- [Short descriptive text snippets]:
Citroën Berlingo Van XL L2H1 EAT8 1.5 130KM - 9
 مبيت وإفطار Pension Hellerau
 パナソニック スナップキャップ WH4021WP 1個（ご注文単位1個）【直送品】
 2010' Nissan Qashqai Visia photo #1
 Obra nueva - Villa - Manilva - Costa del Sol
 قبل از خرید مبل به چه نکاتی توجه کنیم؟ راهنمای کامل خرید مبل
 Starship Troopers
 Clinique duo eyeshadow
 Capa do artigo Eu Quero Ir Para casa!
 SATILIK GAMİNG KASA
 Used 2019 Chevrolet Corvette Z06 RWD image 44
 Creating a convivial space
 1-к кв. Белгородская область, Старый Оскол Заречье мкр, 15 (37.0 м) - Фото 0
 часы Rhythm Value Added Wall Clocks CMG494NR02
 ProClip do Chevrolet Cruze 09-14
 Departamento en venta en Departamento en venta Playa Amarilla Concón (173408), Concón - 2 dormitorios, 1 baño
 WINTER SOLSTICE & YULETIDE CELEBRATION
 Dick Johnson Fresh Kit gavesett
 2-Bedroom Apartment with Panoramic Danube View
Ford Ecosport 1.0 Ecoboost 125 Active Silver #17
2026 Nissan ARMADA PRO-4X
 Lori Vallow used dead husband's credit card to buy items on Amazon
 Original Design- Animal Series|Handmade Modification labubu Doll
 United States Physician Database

- [WHAT IS BEING ASKED]: Read through the entries, then copy every line where the string "Nissan" is found.

- [RESPONSE AREA]:
 2010' Nissan Qashqai Visia photo #1
2026 Nissan ARMADA PRO-4X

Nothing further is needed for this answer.